Researchers have developed two new techniques for stealing data from computers that use some unlikely hacking tools: cameras and telescopes.
In two separate pieces of research, teams at the University of California, Santa Barbara, and Saarland University in Saarbrucken, Germany, describe attacks that seem ripped from the pages of spy novels. In Saarbrucken, the researchers have read computer screens from their tiny reflections on everyday objects such as glasses, teapots and even the human eye. The Santa Barbara team has worked out a way to analyze a video of hands typing on a keyboard in order to guess what was being written.
Computer security research tends to focus on the software and hardware inside the PC, but this kind of "side-channel" research, which dates back at least 45 years, looks at the physical environment. Side-channel work in the U.S. was kicked off in 1962 when the National Security Agency discovered strange surveillance equipment in the concrete ceiling of a U.S. Department of State communications room in Japan and began studying how radiation emitted by communication components could be intercepted.
Much of this work has been top secret, such as the NSA's Tempest program. But side-channel hacking has been in the public eye too.
In fact, if you've seen the movie Sneakers, then the University of California's work will have a familiar ring. That's because a minor plot point in this 1992 Robert Redford film about a group of security geeks was the inspiration for their work.

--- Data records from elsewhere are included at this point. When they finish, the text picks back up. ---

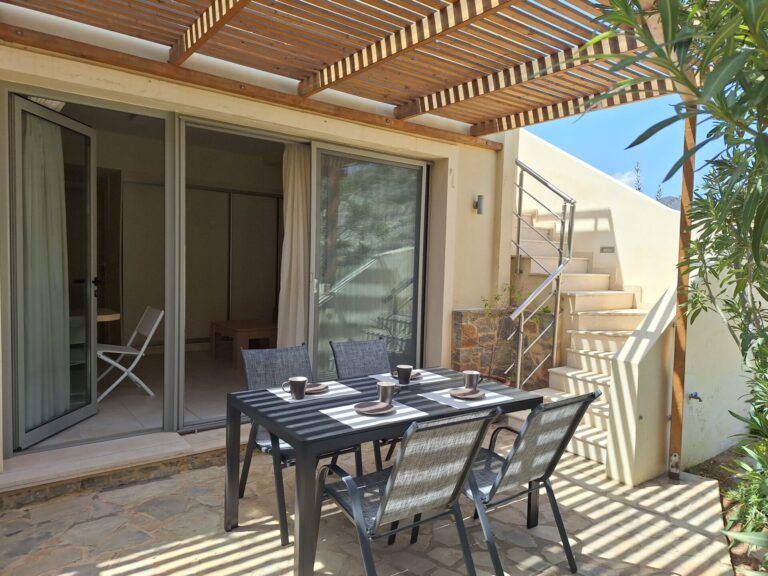 A-year-round-bungalow_in-southern-Crete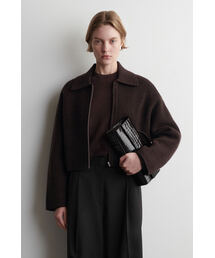 COS（コス）の「クロップドニットメリノウールジャケット（ボディバッグ/ウエストポーチ）」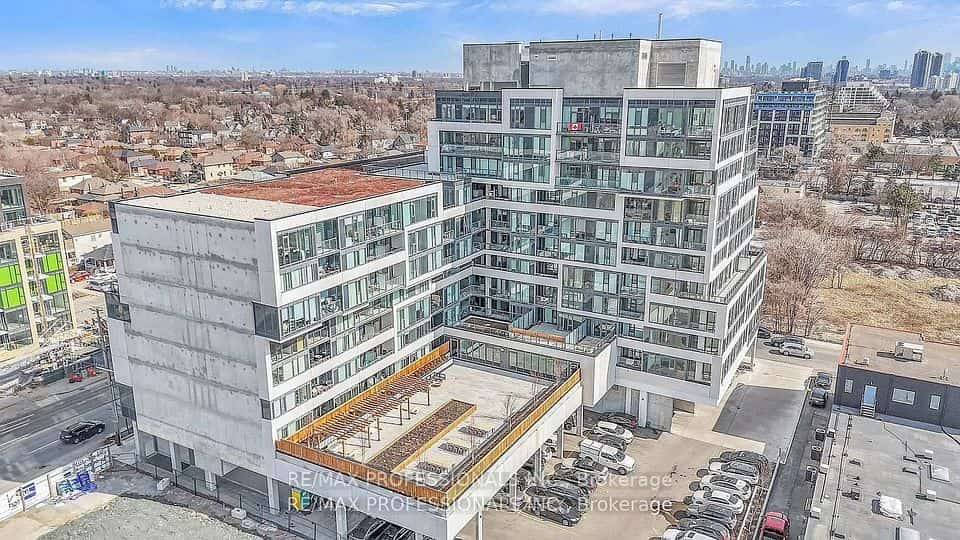 859 The Queensway #313, Toronto, ON M8Z 1N8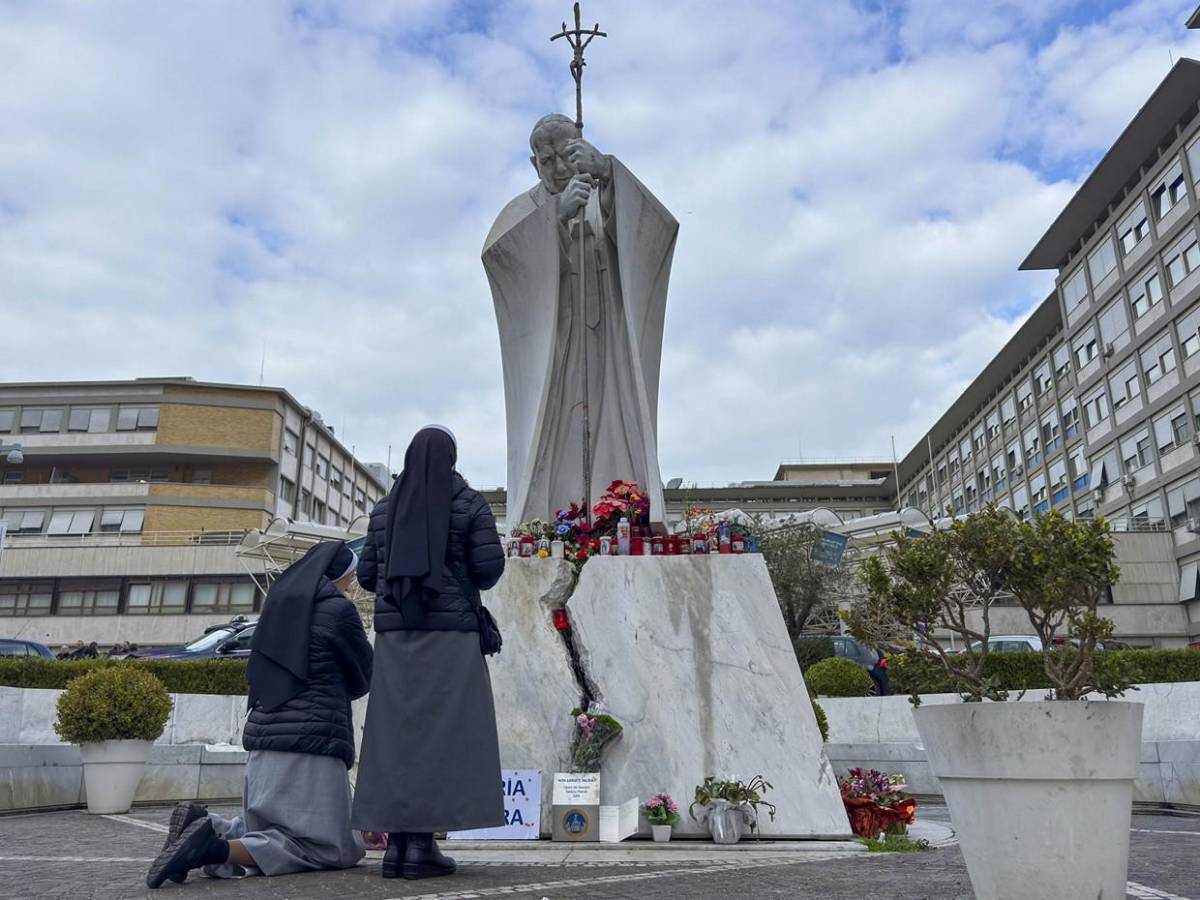 Con flores y velas frente a hospital, fieles improvisan altar por el papa Francisco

In the movie, Redford's character, Marty Bishop, tries to steal a password by watching video of his victim, mathematician Gunter Janek, as he enters his password into a computer. "Oh, this is good," Redford says, "He's going to type in his password, and we're going to get a clear shot"
Redford's character never does get his password, but the UC researchers' Clear Shot tool may give others a fighting chance, according to Marco Cova, a graduate student at the school.
Clear Shot can analyze video of hand movements on a computer keyboard and transcribe them into text. It's far from perfect -- Cova says the software is accurate about 40% of the time -- but it's good enough for someone to get the gist of what was being typed.
The software also suggests alternative words that may have been typed, and more often than not, the real word is in the top five suggestions provided by Clear Shot, Cova said.
Clear Shot works with an everyday webcam, but the Saarland University team has taken thing up a notch, training telescopes on a variety of targets that just might happen to catch a computer monitor's reflection: teapots, glasses, bottles, spoons and even the human eye.
The researchers came up with this idea during a lunchtime walk about nine months ago, said Michael Backes, a professor at Saarland's computer science department. Noticing that there were a lot of computers to be seen in campus windows, the researchers got to thinking. "It started as a fun project," he said. "We thought it would be kind of cute if we could look at what these people are working on."
It turned out that they could get some amazingly clear pictures. All it took was a $500 telescope trained on a reflective object in front of the monitor. For example, a teapot yielded readable images of 12-point Word documents from a distance of 5 meters (16 feet). From 10 meters, the researchers were able to read 18-point fonts. With a $27,500 Dobson telescope, they could get the same quality of images at 30 meters.
Backes said he has already demonstrated his work for a government agency, one that he declined to name. "It was convincing to these people," he said.
That's because even though the reflections are tiny, the images are much clearer than people expect. Often, first-time viewers think they're looking at the computer screen itself rather than a reflection, Backes said.
One of his favorite targets is a round teapot. Looking at a spoon or a pair of glasses, you might not get a good view of the monitor, but a spherical teapot makes a perfect target. "If you place a sphere close by, you will always see the monitor," he said. "This helps; you don't have to be lucky."
The Saarland researchers are now working out new image-analysis algorithms and training astronomical cameras on their subjects in hopes of getting better images from even more difficult surfaces such as the human eye. They've even aimed their telescopes and cameras at a white wall and have picked up readable reflections from a monitor 2 meters from the wall.
Does Backes think that we should really be concerned about this kind of high-tech snooping? Maybe, just because it's so cheap and easy to do. He said he could see some people shelling out the $500 for a telescope just to try it out on their neighbors.
So how to protect yourself from the telescopic snooper? Easy. "Closing your curtains is maybe the best thing you can do," he said.